··· Exercise input

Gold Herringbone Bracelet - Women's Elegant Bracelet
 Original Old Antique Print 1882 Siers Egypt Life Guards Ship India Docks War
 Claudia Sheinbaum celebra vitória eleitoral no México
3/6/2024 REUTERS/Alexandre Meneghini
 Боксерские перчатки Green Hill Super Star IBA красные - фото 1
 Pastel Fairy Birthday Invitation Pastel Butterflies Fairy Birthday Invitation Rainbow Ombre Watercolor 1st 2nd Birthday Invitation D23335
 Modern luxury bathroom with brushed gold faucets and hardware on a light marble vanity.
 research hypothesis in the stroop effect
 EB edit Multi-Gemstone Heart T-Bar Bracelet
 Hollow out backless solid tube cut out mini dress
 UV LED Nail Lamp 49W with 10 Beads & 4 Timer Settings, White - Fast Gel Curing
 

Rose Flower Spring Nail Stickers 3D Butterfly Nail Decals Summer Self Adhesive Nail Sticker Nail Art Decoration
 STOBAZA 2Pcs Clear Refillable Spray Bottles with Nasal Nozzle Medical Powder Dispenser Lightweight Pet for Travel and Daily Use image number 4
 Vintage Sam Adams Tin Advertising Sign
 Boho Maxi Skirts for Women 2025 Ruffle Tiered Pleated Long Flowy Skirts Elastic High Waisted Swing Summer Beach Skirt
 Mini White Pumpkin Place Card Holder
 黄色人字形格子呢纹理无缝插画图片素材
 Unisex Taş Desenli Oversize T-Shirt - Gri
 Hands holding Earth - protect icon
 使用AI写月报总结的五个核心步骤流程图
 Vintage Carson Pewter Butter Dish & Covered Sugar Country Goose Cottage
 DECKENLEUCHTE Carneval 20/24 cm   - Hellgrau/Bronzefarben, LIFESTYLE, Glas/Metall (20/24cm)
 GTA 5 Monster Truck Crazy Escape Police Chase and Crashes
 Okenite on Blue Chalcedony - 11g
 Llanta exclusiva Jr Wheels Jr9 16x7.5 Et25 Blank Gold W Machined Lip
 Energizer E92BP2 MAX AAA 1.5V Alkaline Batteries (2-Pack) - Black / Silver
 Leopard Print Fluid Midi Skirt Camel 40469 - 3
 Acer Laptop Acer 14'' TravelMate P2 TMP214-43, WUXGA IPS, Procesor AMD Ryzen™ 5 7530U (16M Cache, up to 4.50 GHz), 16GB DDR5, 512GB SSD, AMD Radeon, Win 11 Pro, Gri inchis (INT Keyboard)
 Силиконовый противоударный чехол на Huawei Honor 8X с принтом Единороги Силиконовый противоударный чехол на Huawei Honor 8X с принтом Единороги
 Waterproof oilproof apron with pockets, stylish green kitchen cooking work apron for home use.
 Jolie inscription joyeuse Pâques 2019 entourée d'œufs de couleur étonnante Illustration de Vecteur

······

Instructions to follow: Number of lines above that include "with": state it and nothing else.

Solved exercise: 4